3. Assign suitable people to the project roles

Once the project organization, positions, and roles are determined, you can start nominating people to these roles. In project appointments, it is essential to identify the necessary skills, experience and ability required for each role. The primary goal is to resource the project with sufficient, competent and suitable persons. There are positions and roles where content expertise is absolutely essential. For those roles, we need to find experts with a suitable attitude for project work. On the other hand, both in projects and line organizations we always have roles where experience, capabilities and attitude play a more significant role, and the content can be learned relatively fast. At the end, when you have the project organization chart, it is good to cross-check that there is a person assigned to each role, and that everyone assigned to the project also have a role.

4. Induct the nominated people

The project organization is finally set! The role descriptions are in place. People have been assigned to the roles. Before diving into the project, however, it is advisable to first have some more patience to ensure that the new team is properly introduced to the project and ready to start working as a team. A project team is always a unique ensemble – it is most likely that the established team as such has not worked together before. Especially for people moving from their own line organization to a project, there will be a lot of new things during the project, and expertise will be gained along the way.
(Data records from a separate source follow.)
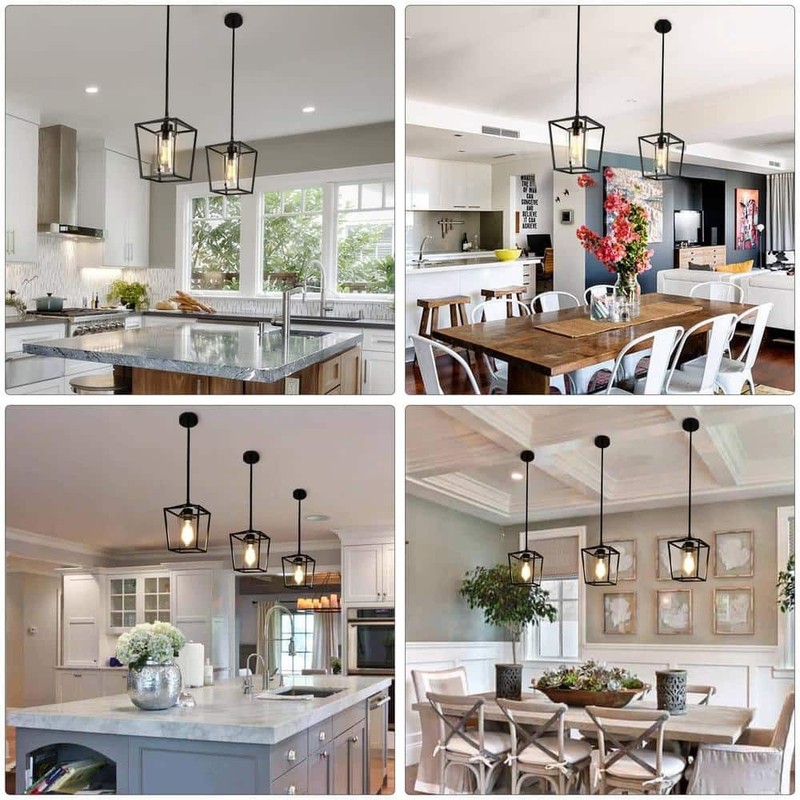 YANSUN 1-Light Matte Black Farmhouse Cage Lantern Pendant Light w/Clear Glass - Image 8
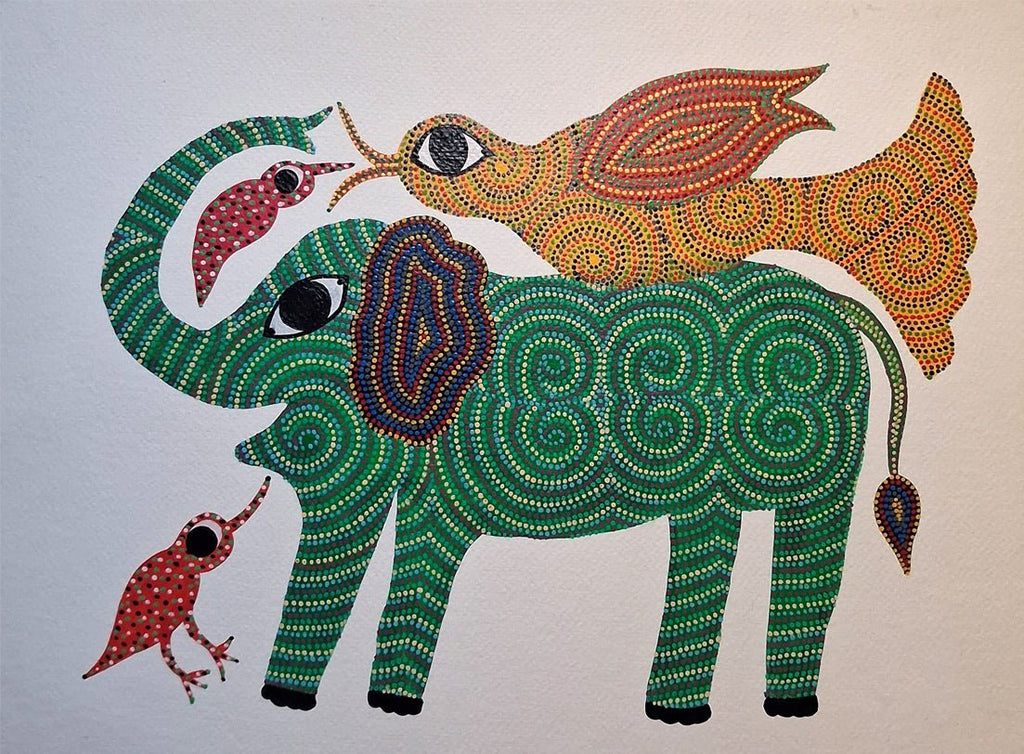 Majestic Elephant and Bird Companions In Bhil by Kamlesh Parmar Thumbnail
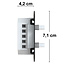 2-gang flush-mounted dimmer switch, 2 x 0–200W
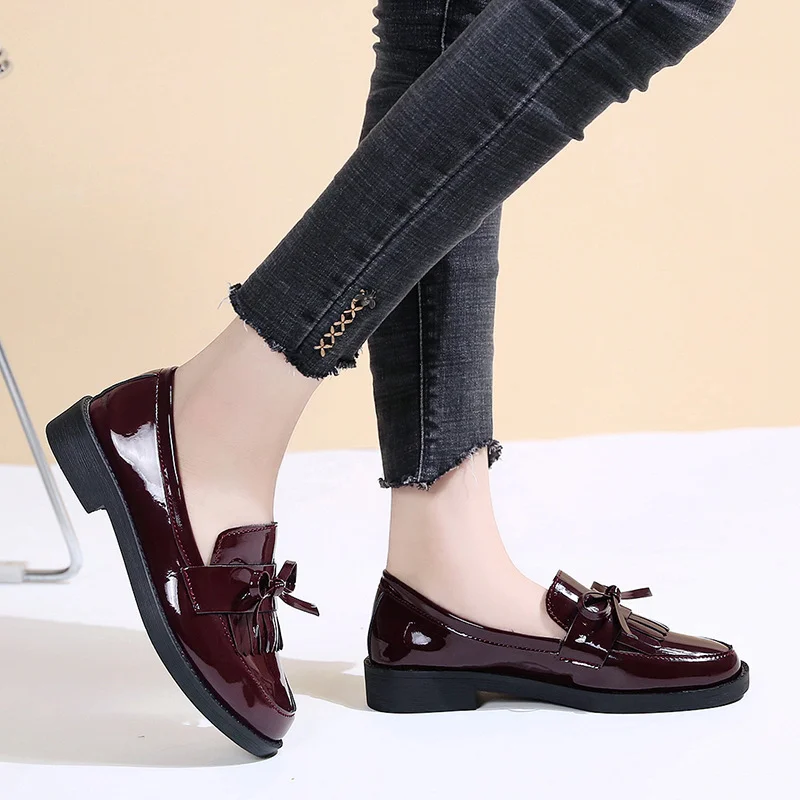 Uveng Size Small Leather Shoes Korean Version Summer Shoes With Skirt Single Shoes Female Low Top Casual Shoes Grandma Shoes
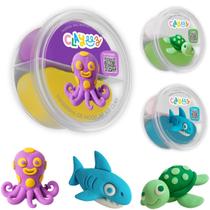 Kit 3 Massinha de Modelar Animais Marinhos Polvo Tartaruga Tubarão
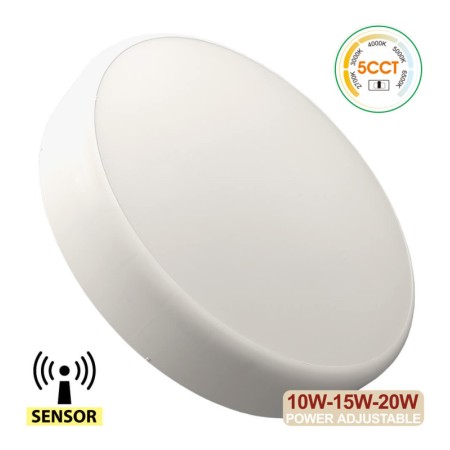 XXLED LED-Deckenleuchte mit einstellbarer Leistung 20W - 15W - 10W - 5CCT - Radarsensor - IP44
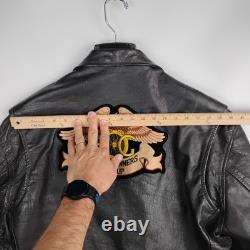 Vintage Route 66 Leather Motorcycle Jacket 46 HOG Harley Owners Group Patches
Before starting the project work, it is important to ensure that project governance and decision-making models, as well as common practices and tools are clear and understood by all. On top of everything, we have the project spirit, culture and way of working together, which also have a decisive role in the success of the project. It is essential that everyone has the knowledge and the courage to point out any issues or questions that arise during the project, and that there is an appropriate forum for doing this. Team introduction can easily be overlooked when a project is starting. However, it is worth putting some extra effort to this area, as, ultimately, everything that is being done or left undone in the project depends to a large extent on this particular project team.

Be prepared for surprises. Some area of work or specific tasks may turn out to be more demanding or laborious than was understood at the beginning of the project, or vice versa. A person might leave the project for one reason or another. The governance model for managing changes needs to be clear also when it comes to resource changes during the project. Decisions and actions need be made quickly and in an agile manner. The knowledge transfer from people leaving the project becomes easier when the project has clear and common practices and tools. It is important to take some time to introduce and familiarise newcomers with the whole project, even within a tight schedule, rather than to throw them in at the deep end.

Keep the role of the line organization in mind. In addition to the people in the project organization, the project will inevitably also require the line organization’s time and effort. In addition to each person’s own tasks, other tasks are bound to arise as the project progresses. Participation in definition workshops and decision-making, cleaning and validating necessary data, as well as participation in trainings, and partly also testing, must be considered. As part of the resourcing the ERP project and publication of ERP project organization, it is good to remind the line organization that there will be some work for them as well. An ERP project typically leaves nobody out in the company, everyone gets their share in making the targeted change happen.